Start of Block
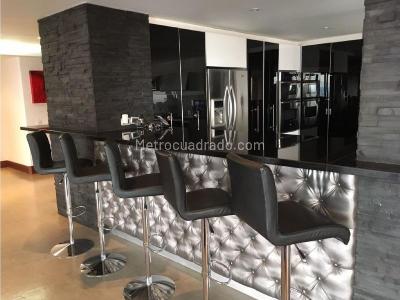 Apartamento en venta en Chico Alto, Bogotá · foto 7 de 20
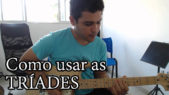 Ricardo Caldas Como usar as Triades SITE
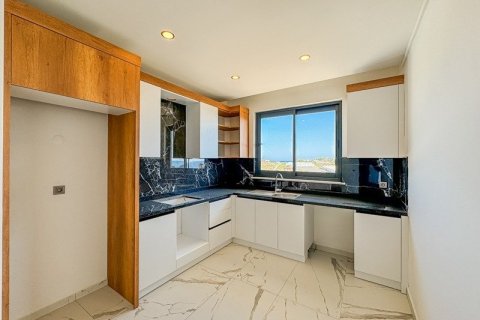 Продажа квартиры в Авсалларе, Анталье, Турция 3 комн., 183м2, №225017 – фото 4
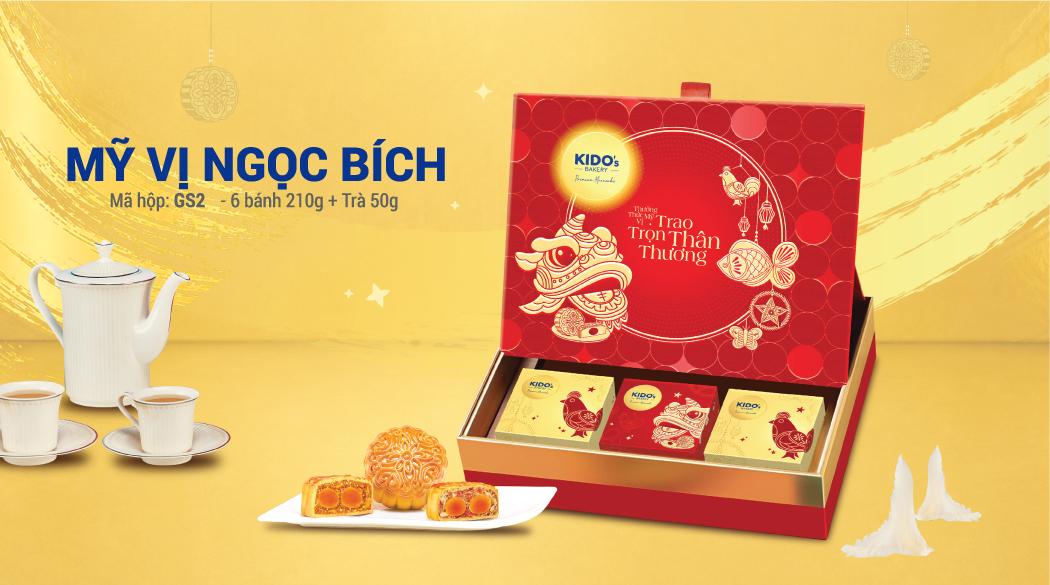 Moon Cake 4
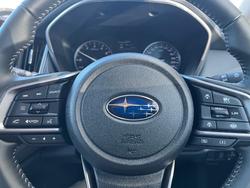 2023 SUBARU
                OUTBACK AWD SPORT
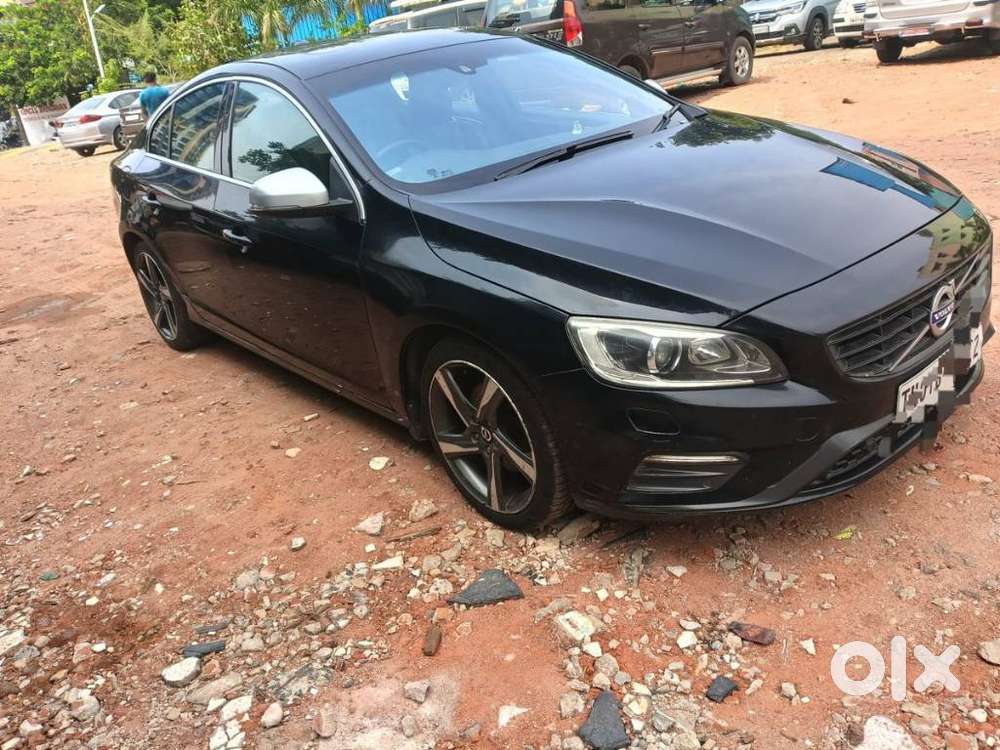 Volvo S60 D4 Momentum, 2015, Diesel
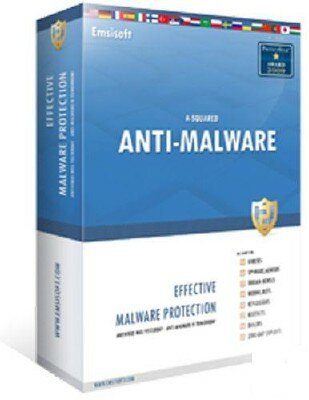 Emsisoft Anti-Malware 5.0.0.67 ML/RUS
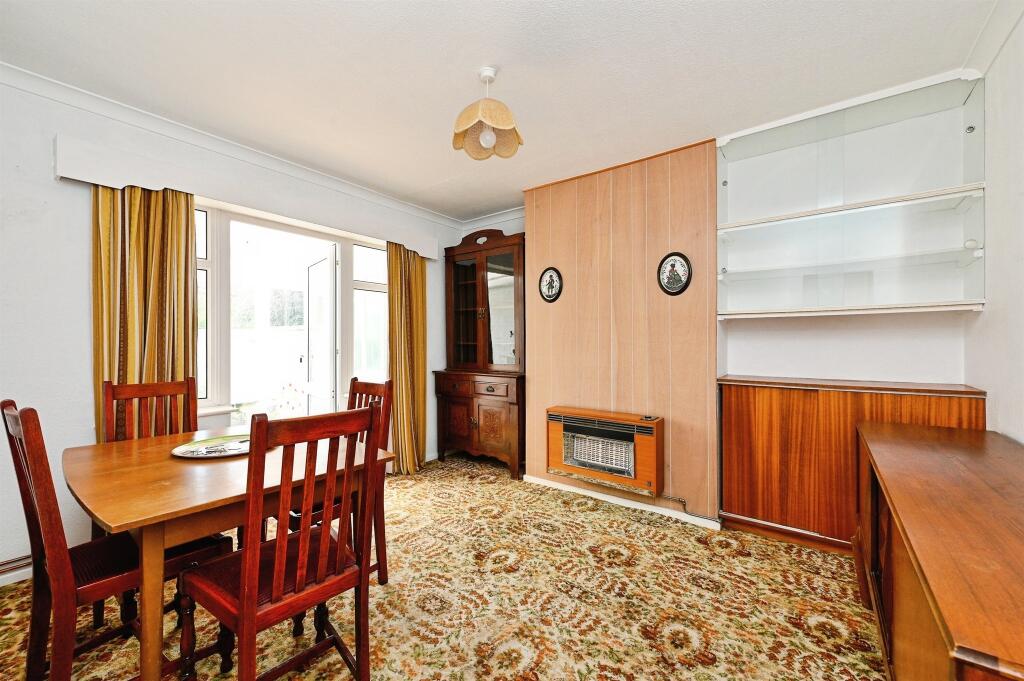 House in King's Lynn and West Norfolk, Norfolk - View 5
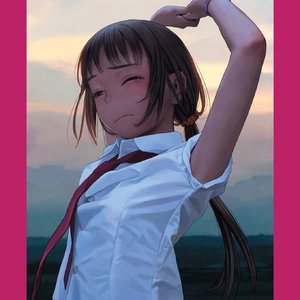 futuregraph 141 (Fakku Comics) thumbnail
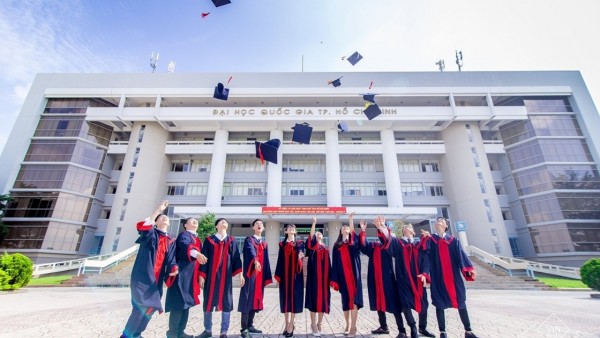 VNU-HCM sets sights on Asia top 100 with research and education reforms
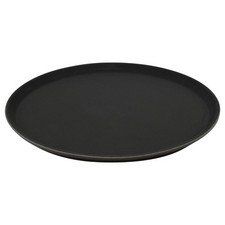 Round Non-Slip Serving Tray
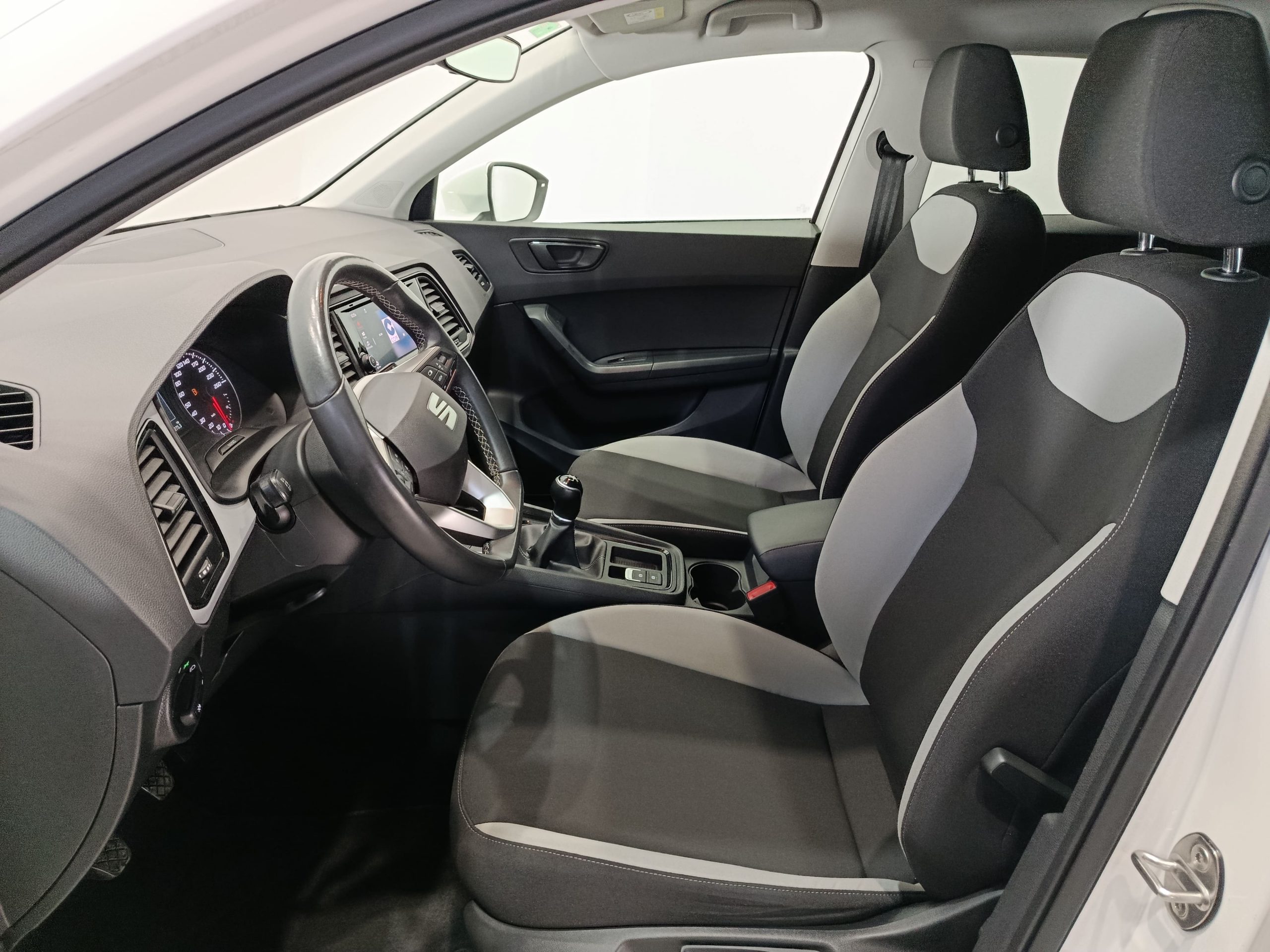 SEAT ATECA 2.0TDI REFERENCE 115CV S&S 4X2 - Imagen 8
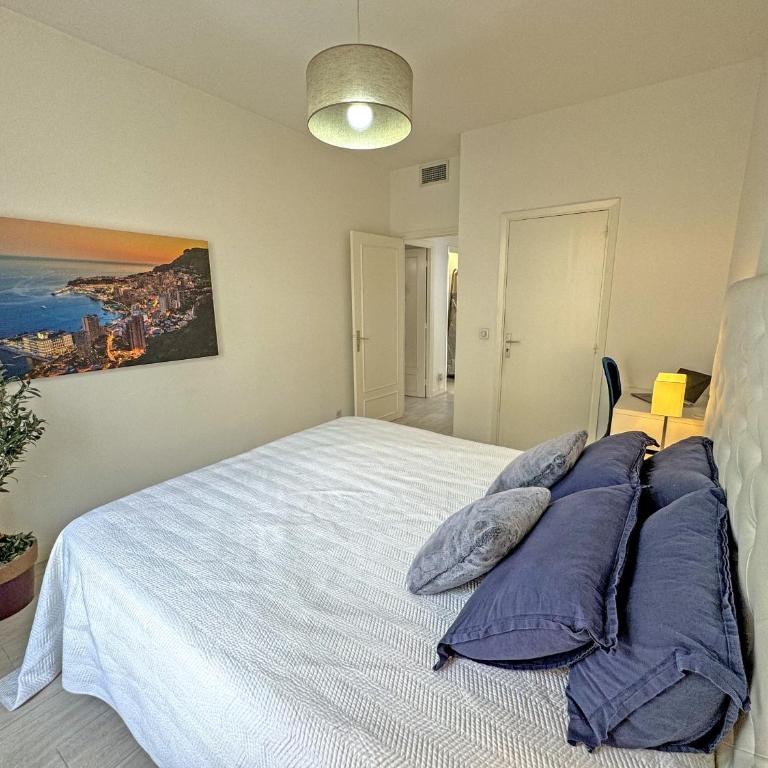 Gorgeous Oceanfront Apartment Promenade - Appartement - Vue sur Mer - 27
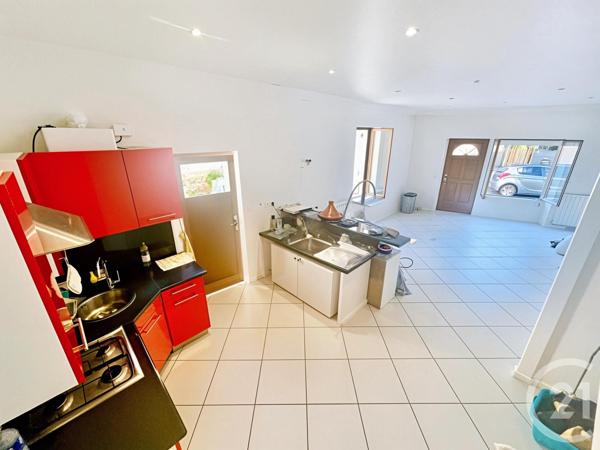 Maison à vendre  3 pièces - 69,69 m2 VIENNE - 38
End of Block
Could you output every entry exactly as written, skipping the pictures?

 Apartamento en venta en Chico Alto, Bogotá · foto 7 de 20
 Ricardo Caldas Como usar as Triades SITE
 Продажа квартиры в Авсалларе, Анталье, Турция 3 комн., 183м2, №225017 – фото 4
 Moon Cake 4
 2023 SUBARU
                OUTBACK AWD SPORT
 Volvo S60 D4 Momentum, 2015, Diesel
 Emsisoft Anti-Malware 5.0.0.67 ML/RUS
 House in King's Lynn and West Norfolk, Norfolk - View 5
 futuregraph 141 (Fakku Comics) thumbnail
 VNU-HCM sets sights on Asia top 100 with research and education reforms
 Round Non-Slip Serving Tray
 SEAT ATECA 2.0TDI REFERENCE 115CV S&S 4X2 - Imagen 8
 Gorgeous Oceanfront Apartment Promenade - Appartement - Vue sur Mer - 27
 Maison à vendre  3 pièces - 69,69 m2 VIENNE - 38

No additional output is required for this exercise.